Abortion opponents get OK to gather signatures for 2 California ballot measures

Abortion Practioners

Rich Pedroncelli/AP

In this photo taken Sept. 3, 2013, Assemblywoman Toni Atkins, D-San Diego, talks with Sen. Ted Lieu, D-Torrance, at the Capitol in Sacramento, Calif. Gov. Jerry Brown signed Atkins bill, AB154, that will allow Nurse practitioners, certified nurse midwives and physician assistants in California to perform a type of early abortion, Wednesday, Oct, 9, 2013. But opponents have been approved to begin a signature-gathering referendum campaign to put the issue before voters.

Abortion opponents got the green light on Thursday to begin gathering signatures for two voter referenda for the November ballot that would seek to overturn a pair of state laws that expand access to abortions in California.

The Secretary of State approved proponent Laurette Elsberry's request for a title and summary on the two referenda, one challenging AB 154 and the other AB 980. Both bills were signed by Gov. Jerry Brown on Oct. 9, but California's referendum system allows voters to challenge laws passed by the state legislature within 90 days if enough citizens sign a petition.

Elsberry will need to gather 504,760 signatures for each referendum by Jan. 7, 2014, in order to get them on the ballot.
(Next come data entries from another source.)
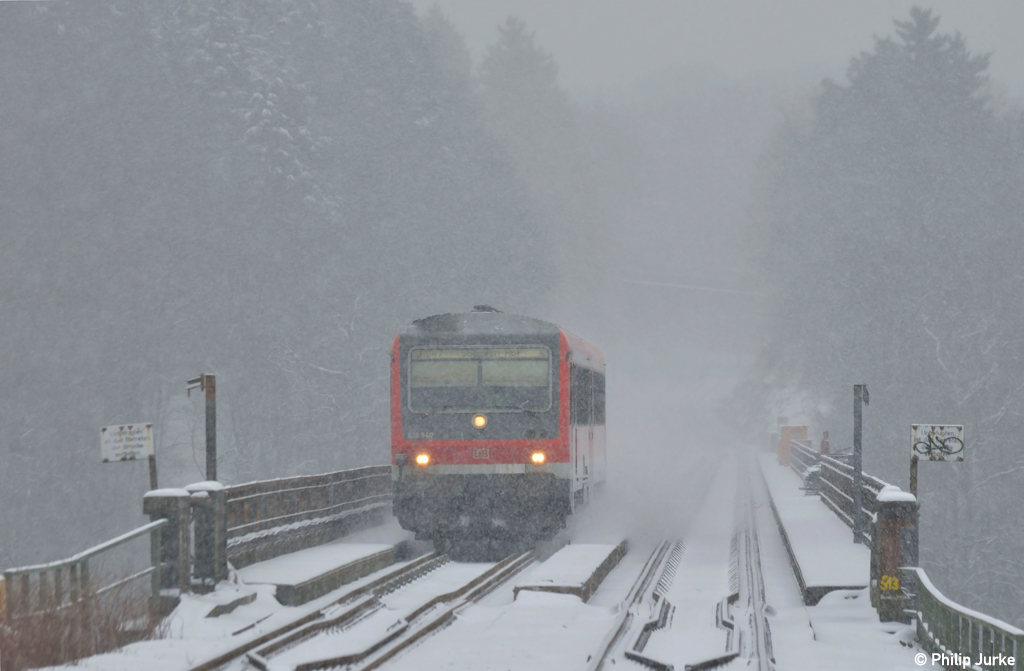 628 540-6 als RB 30767 (Wuppertal Hbf - Solingen Hbf) am 20.01.2013 beim �berqueren der M�ngstener Br�cke.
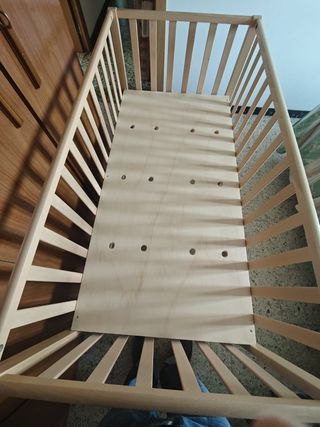 Cuna de madera bebé 60x120cm y colchón de viaje 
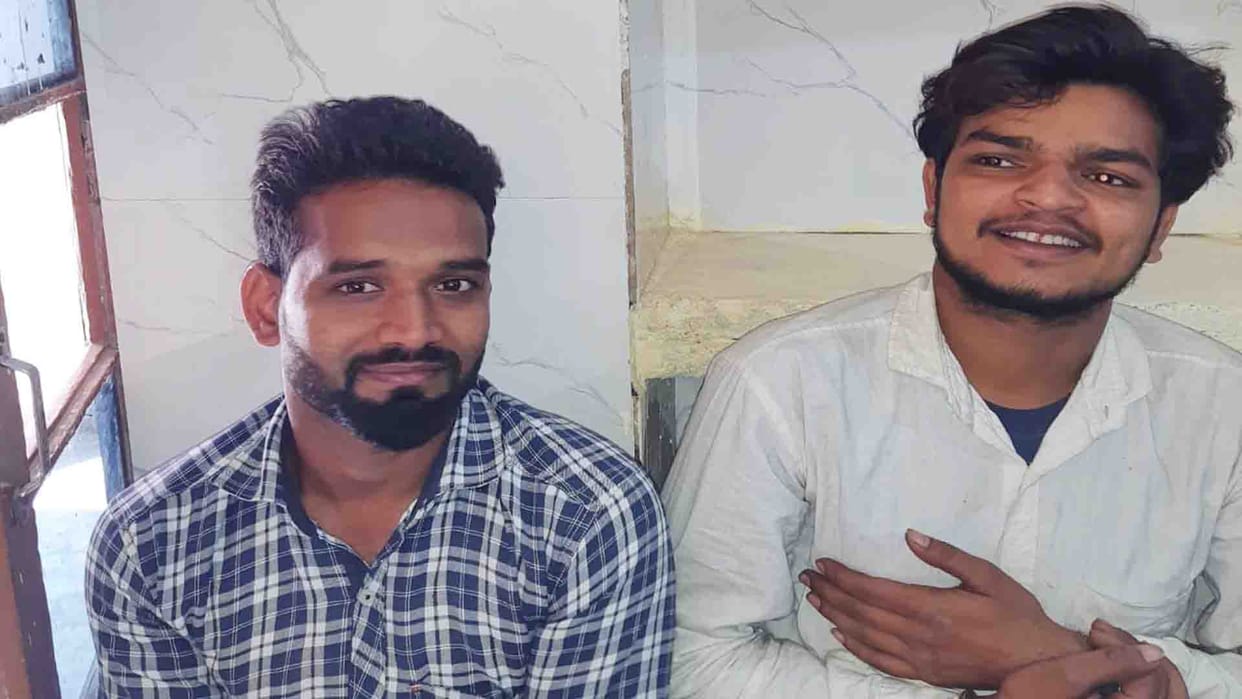 Four Died in Kanpur road accident, 2 saved including car owner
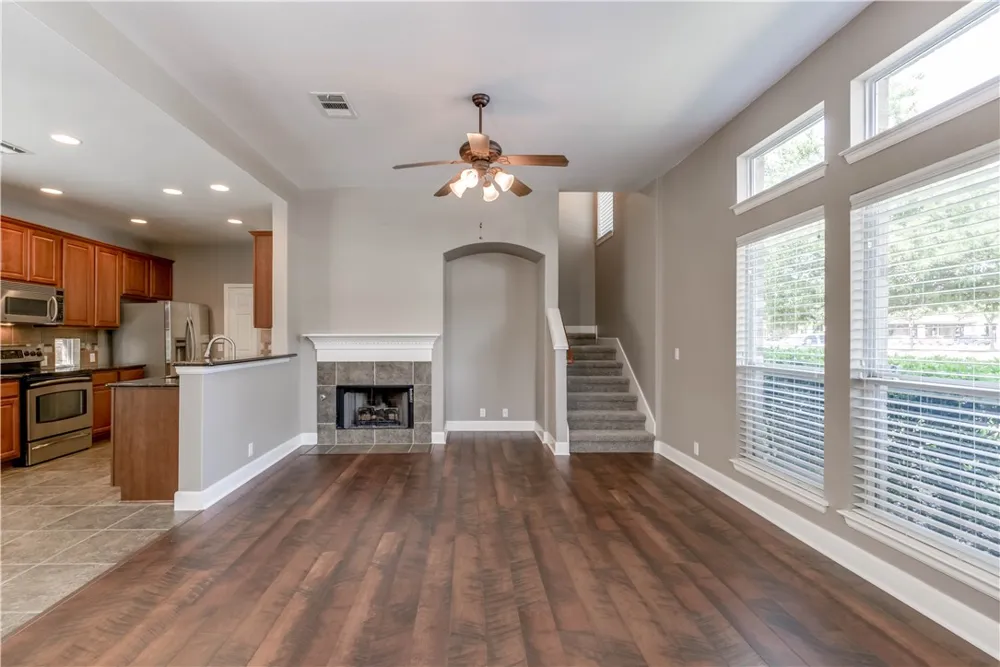 14812 Avery Ranch Boulevard #8 Austin, TX 78717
Voters would then decide in each case whether to repeal the law or allow it to stand.

AB 980 will repeal regulations that impose different building and licensing standards on primary care clinics if they provide abortion services. AB 154 will permit nurse practitioners and other non-physicians with a valid license and training to perform certain types of first-trimester abortions.

AB 154 stems from a six-year pilot program at the University of California, San Francisco where nurse practitioners, certified nurse-midwifes and physician assistants performed aspiration abortions, according to U-T San Diego:

A study of the results from 8,000 procedures found that there was no escalated risk of complications.

Aspiration is a type of abortion that involves vacuum or suction as part of the procedure. National surveys suggest that nine out of every 10 abortions occur in the first trimester.

The bill's author, San Diego Democratic Assemblywoman Toni Atkins, said it will “ensure that no woman has to travel excessively long distances or wait for long periods in order to obtain an early abortion," the Daily Breeze reports.

One opponent of that measure — Bishop Gerald Wilkerson, president of the California Catholic Conference — contends that the new law will "effectively create a two-tier health system."

"Physician assistants, nurse practitioners and nurse midwives — with eight week's training — can now perform first trimester abortions in primary care clinics not designed for surgery. Most of their clients will be women and girls who are poor, whereas women and girls with means will seek out physicians with surgical skills and hospital admitting privileges for their abortions," Wilkerson wrote in a statement after Brown signed the bill in October.

If history is any indication, opponents of the two laws face an uphill battle. Since 1966, citizens have pitched measures limiting abortion rights to voters at least 29 times, according to data kept by the Secretary of State's office. Only three of those campaigns gathered enough signatures to appear on the ballot. All three were attempts to require parental notification when minors seeks to receive an abortion, and in all three cases, voters rejected the measures.